Omit the pictures and print exactly the lines of the listing below, starting at the first and ending at the line containing "Так вот: ищу".

—————

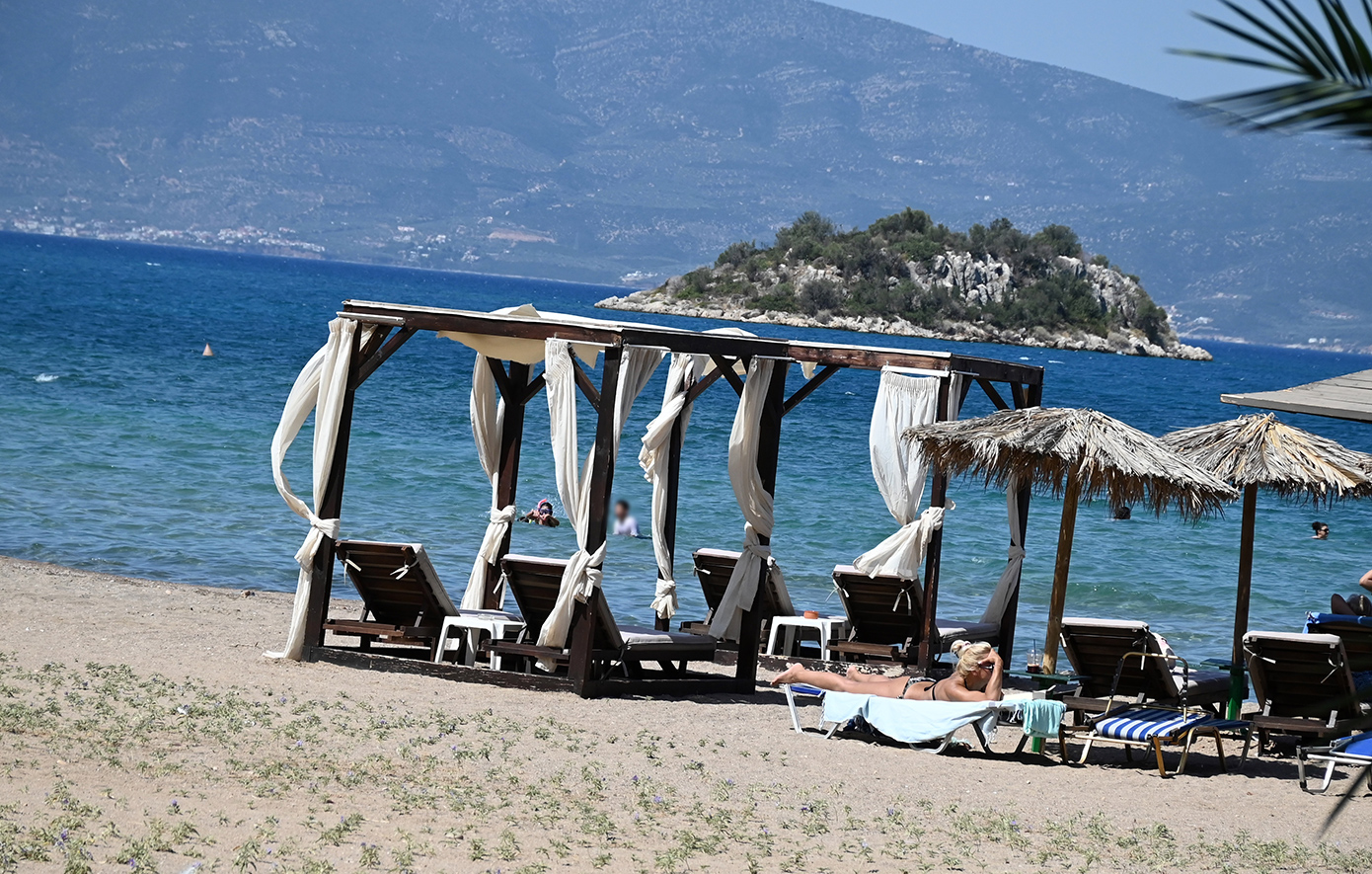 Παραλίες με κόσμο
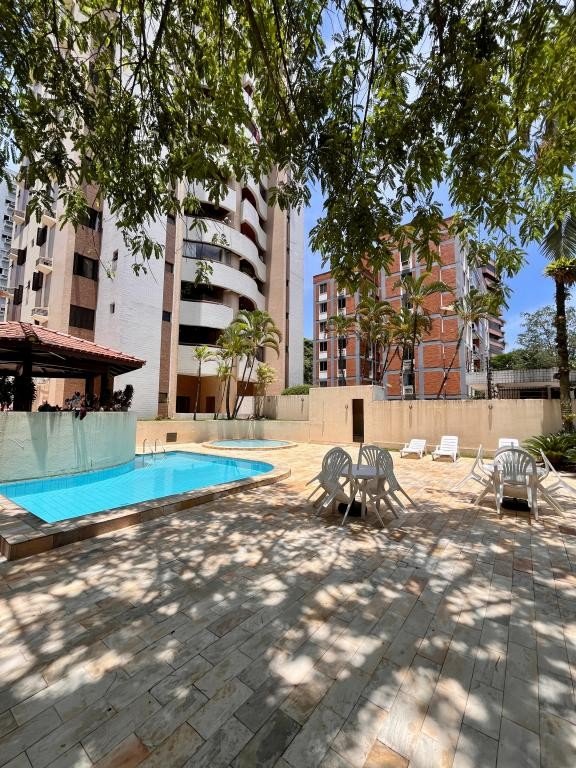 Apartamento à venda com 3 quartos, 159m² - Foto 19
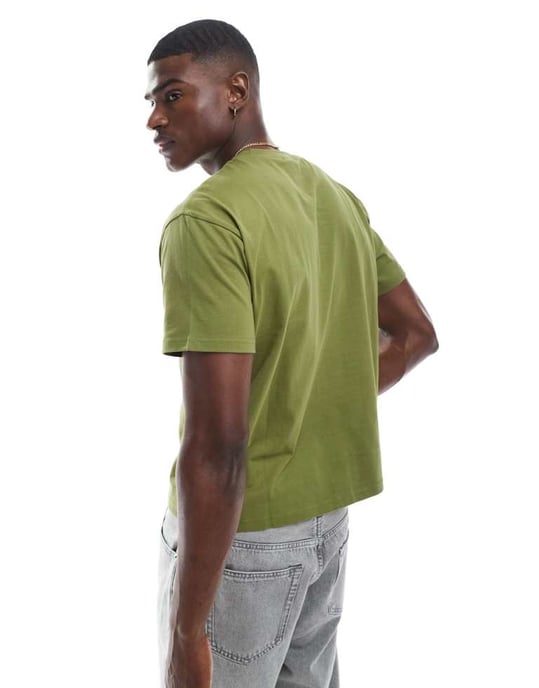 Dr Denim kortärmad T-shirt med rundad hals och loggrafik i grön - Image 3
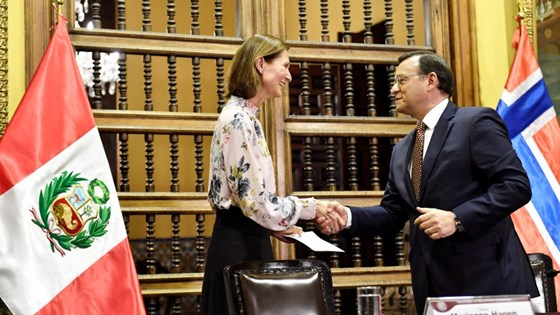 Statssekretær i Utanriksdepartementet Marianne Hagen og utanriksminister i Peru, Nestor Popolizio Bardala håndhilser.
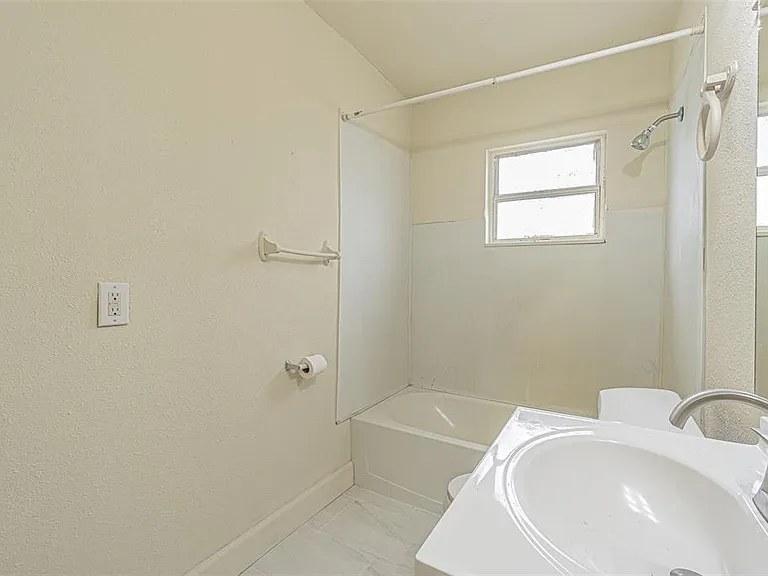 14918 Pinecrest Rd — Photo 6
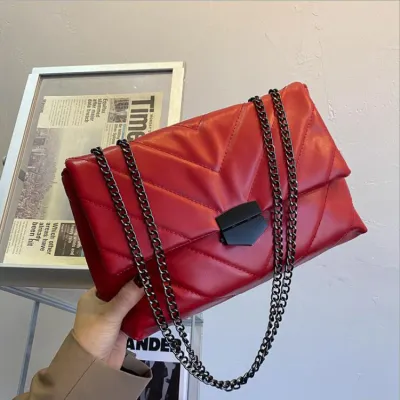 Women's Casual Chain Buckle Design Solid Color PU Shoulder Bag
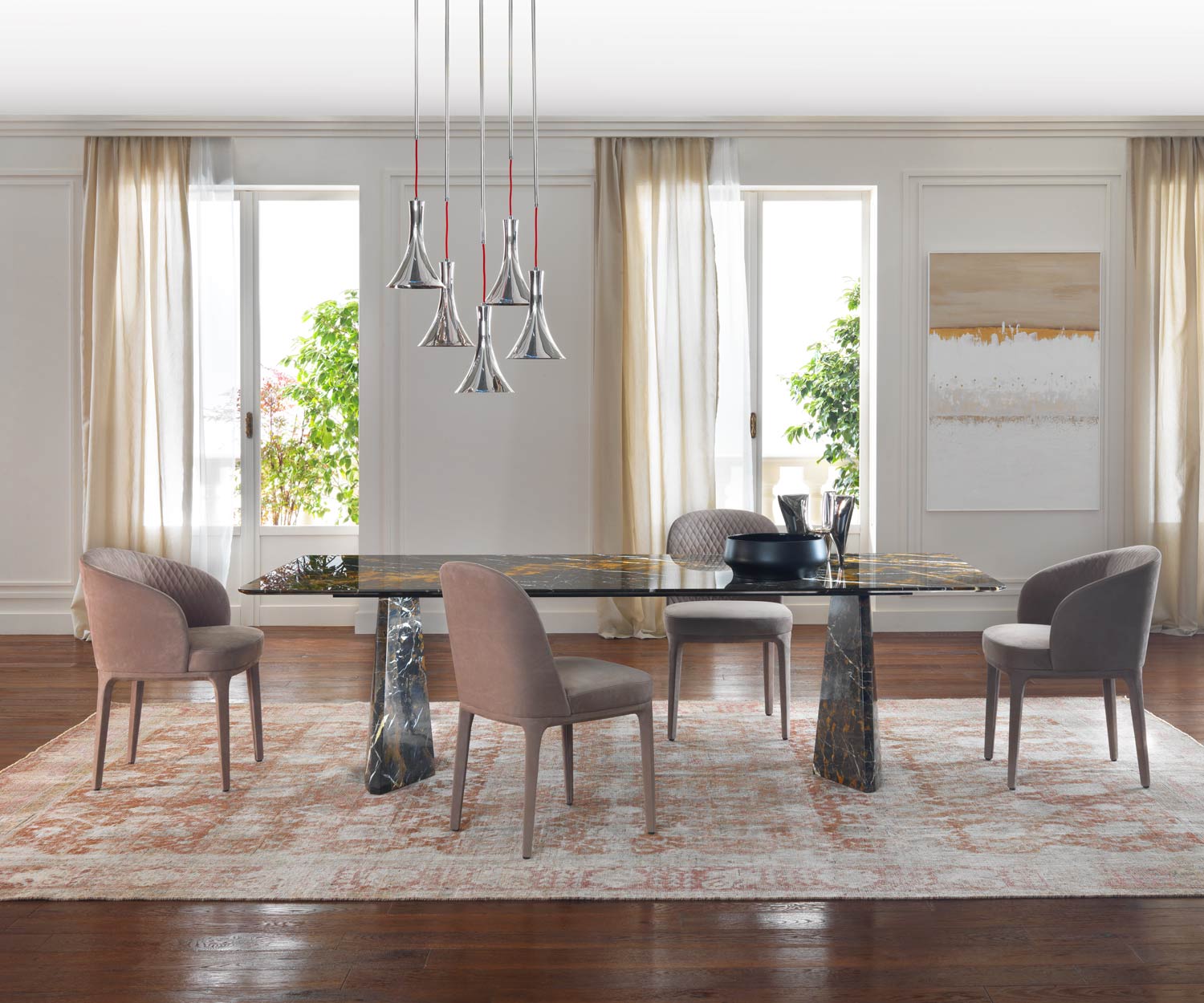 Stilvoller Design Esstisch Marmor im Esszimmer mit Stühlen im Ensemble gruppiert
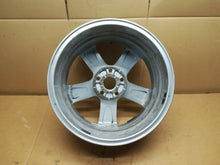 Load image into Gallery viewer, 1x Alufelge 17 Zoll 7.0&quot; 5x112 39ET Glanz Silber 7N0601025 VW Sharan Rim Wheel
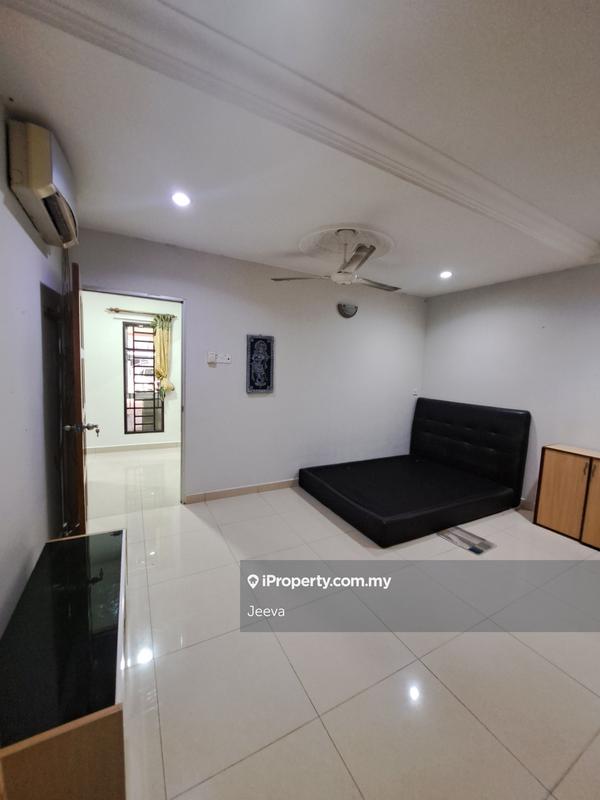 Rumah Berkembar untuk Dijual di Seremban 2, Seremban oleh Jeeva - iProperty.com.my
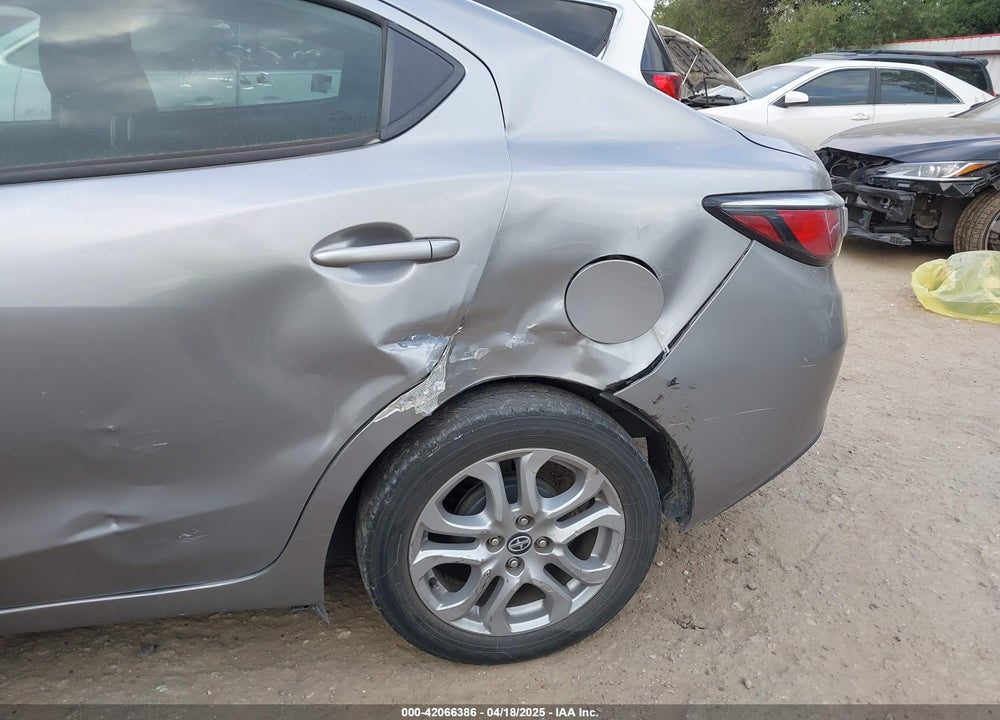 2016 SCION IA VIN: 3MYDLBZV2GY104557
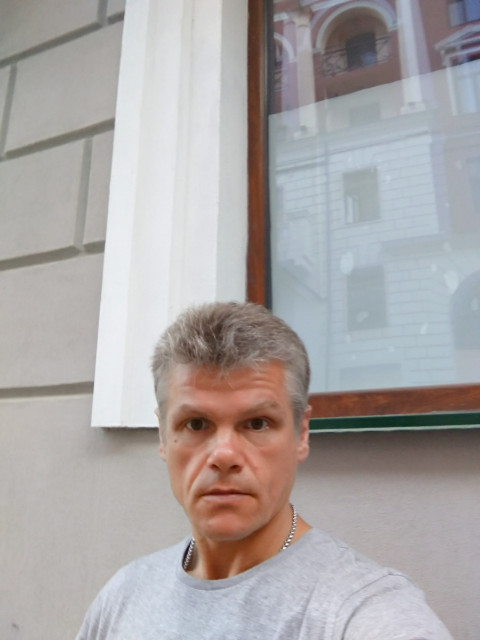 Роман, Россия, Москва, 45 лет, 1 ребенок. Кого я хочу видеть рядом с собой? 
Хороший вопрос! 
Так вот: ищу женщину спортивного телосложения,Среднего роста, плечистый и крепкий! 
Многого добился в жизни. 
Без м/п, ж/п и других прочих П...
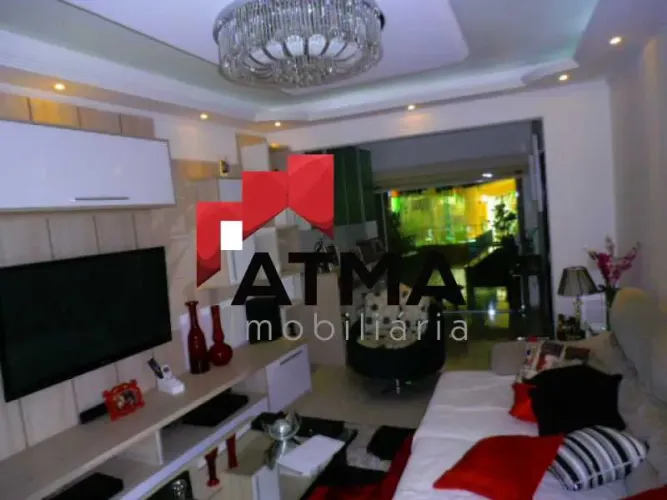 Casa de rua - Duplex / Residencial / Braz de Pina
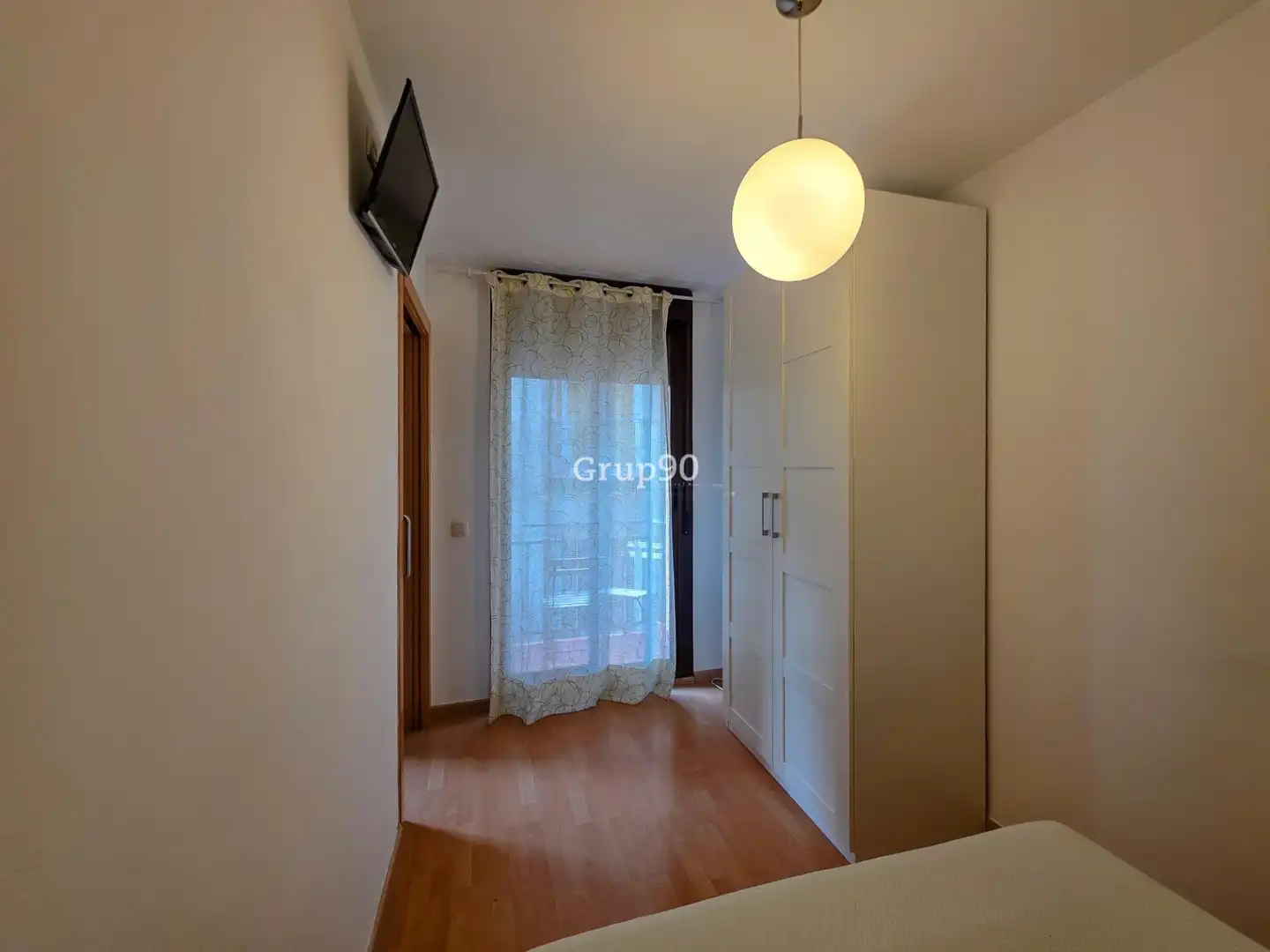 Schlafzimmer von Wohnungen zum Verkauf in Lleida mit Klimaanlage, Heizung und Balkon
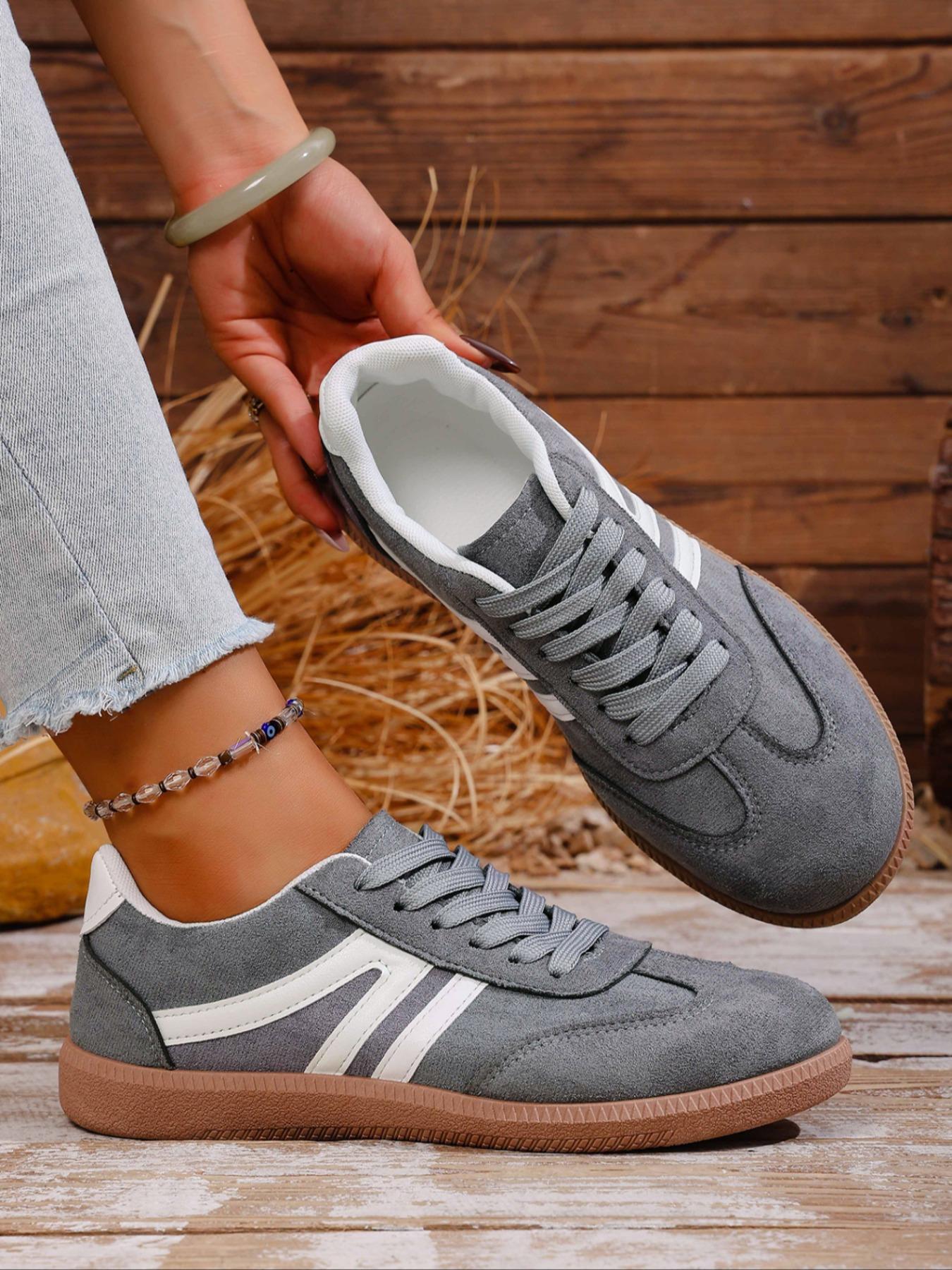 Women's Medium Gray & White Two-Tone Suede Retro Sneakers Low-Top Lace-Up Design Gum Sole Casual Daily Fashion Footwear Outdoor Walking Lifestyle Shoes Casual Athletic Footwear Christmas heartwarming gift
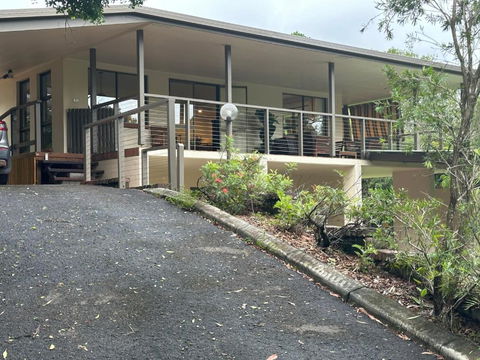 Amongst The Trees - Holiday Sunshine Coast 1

—————

◆ Solution for this exercise ◆
 Παραλίες με κόσμο
 Apartamento à venda com 3 quartos, 159m² - Foto 19
 Dr Denim kortärmad T-shirt med rundad hals och loggrafik i grön - Image 3
 Statssekretær i Utanriksdepartementet Marianne Hagen og utanriksminister i Peru, Nestor Popolizio Bardala håndhilser.
 14918 Pinecrest Rd — Photo 6
 Women's Casual Chain Buckle Design Solid Color PU Shoulder Bag
 Stilvoller Design Esstisch Marmor im Esszimmer mit Stühlen im Ensemble gruppiert
 Load image into Gallery viewer, 1x Alufelge 17 Zoll 7.0&quot; 5x112 39ET Glanz Silber 7N0601025 VW Sharan Rim Wheel
 Rumah Berkembar untuk Dijual di Seremban 2, Seremban oleh Jeeva - iProperty.com.my
 2016 SCION IA VIN: 3MYDLBZV2GY104557
 Роман, Россия, Москва, 45 лет, 1 ребенок. Кого я хочу видеть рядом с собой? 
Хороший вопрос! 
Так вот: ищу женщину спортивного телосложения,Среднего роста, плечистый и крепкий! 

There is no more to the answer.